**** INFORMATION

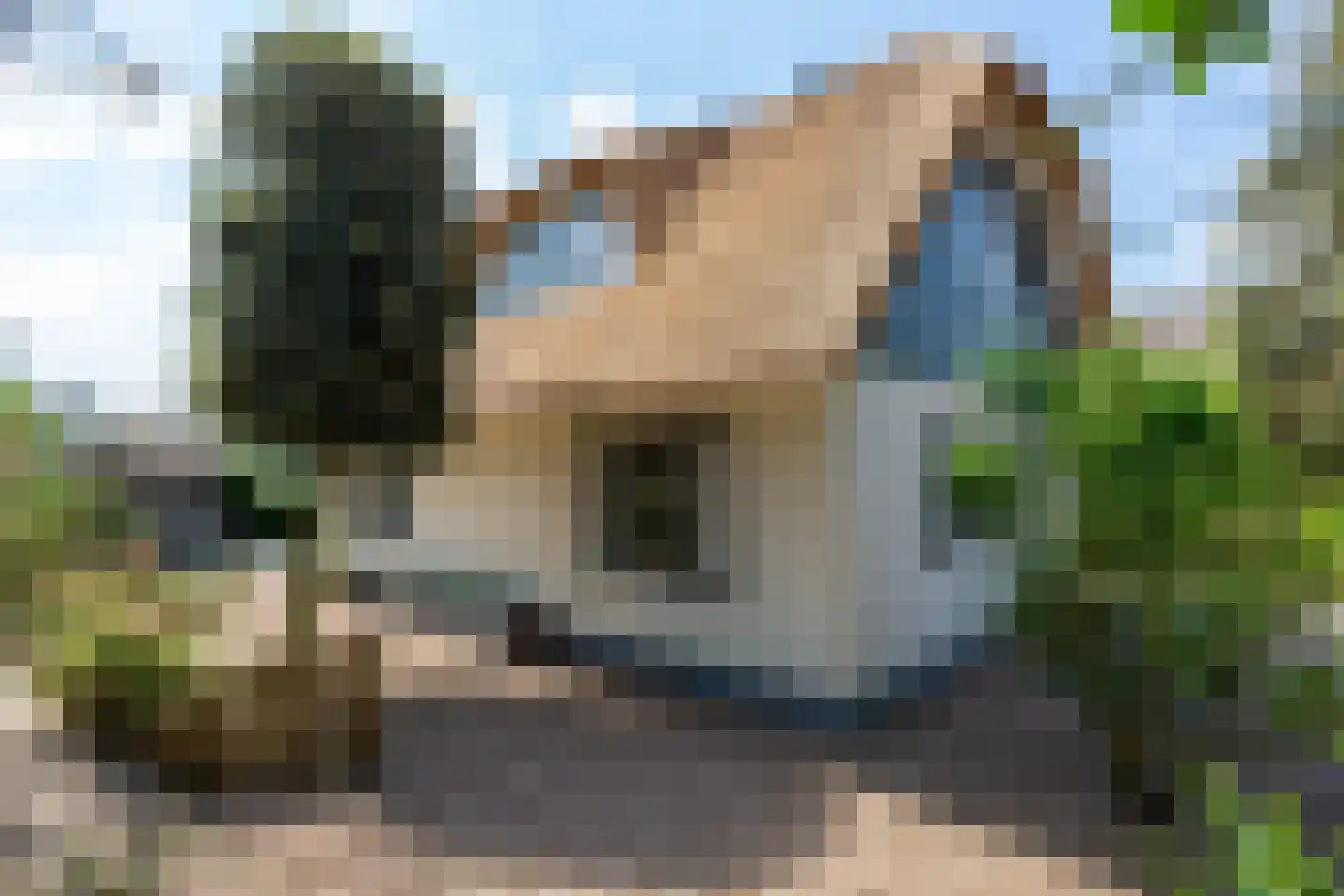 Noorder Sandt 4 6 Julianadorp thumbnail 44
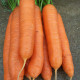 Mrkva neskorá Cidera - Daucus carota - semiačka - 800 ks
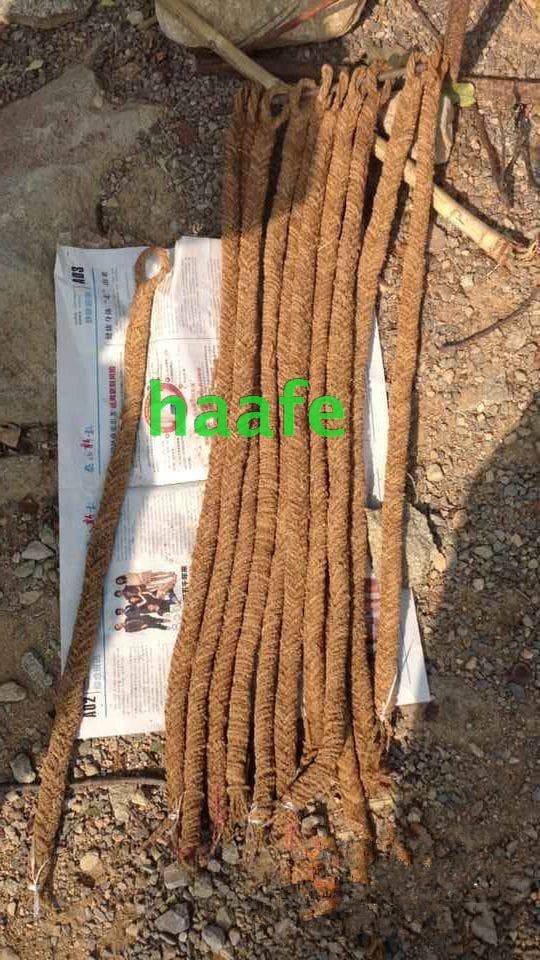 Wholesale 5 pieces: Chestnut Flower Rope, mosquito repellent rope, fly and mosquito fumigation rope, fire rope, herbal mosquito coil rope.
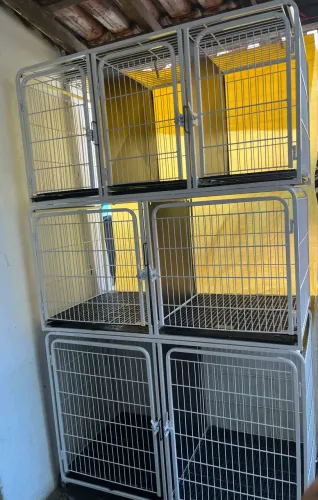 Canil pet shop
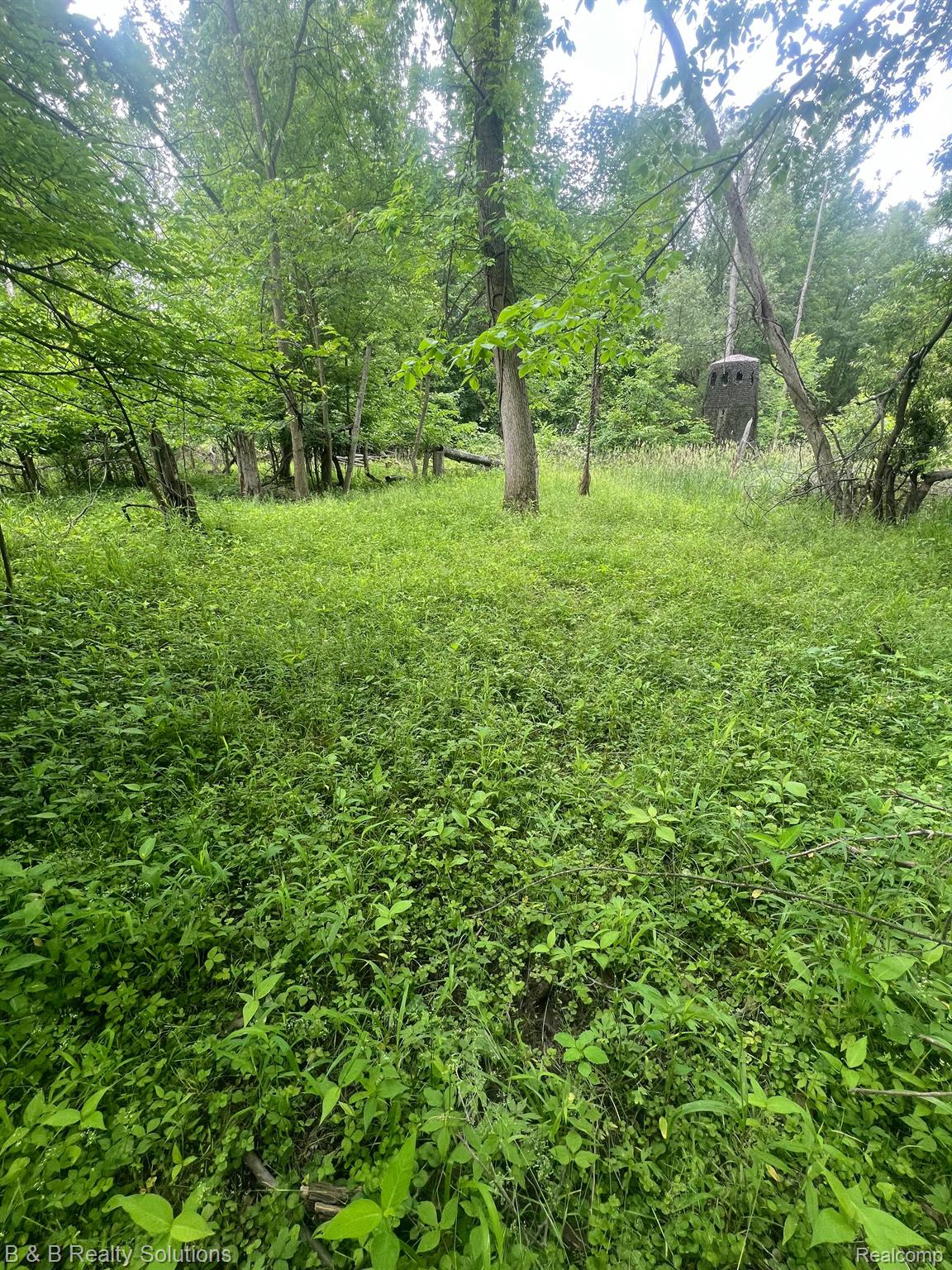 0 Ducker Road North Branch, MI 48461 - Photo 13 of 44 Gallery Image 13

********

**EXERCISE AIM:** Copy out, without any pictures, the lines of the records above from the one containing "Canil pet shop" through the final line, both ends included.

**EXERCISE SOLUTION:**
 Canil pet shop
 0 Ducker Road North Branch, MI 48461 - Photo 13 of 44 Gallery Image 13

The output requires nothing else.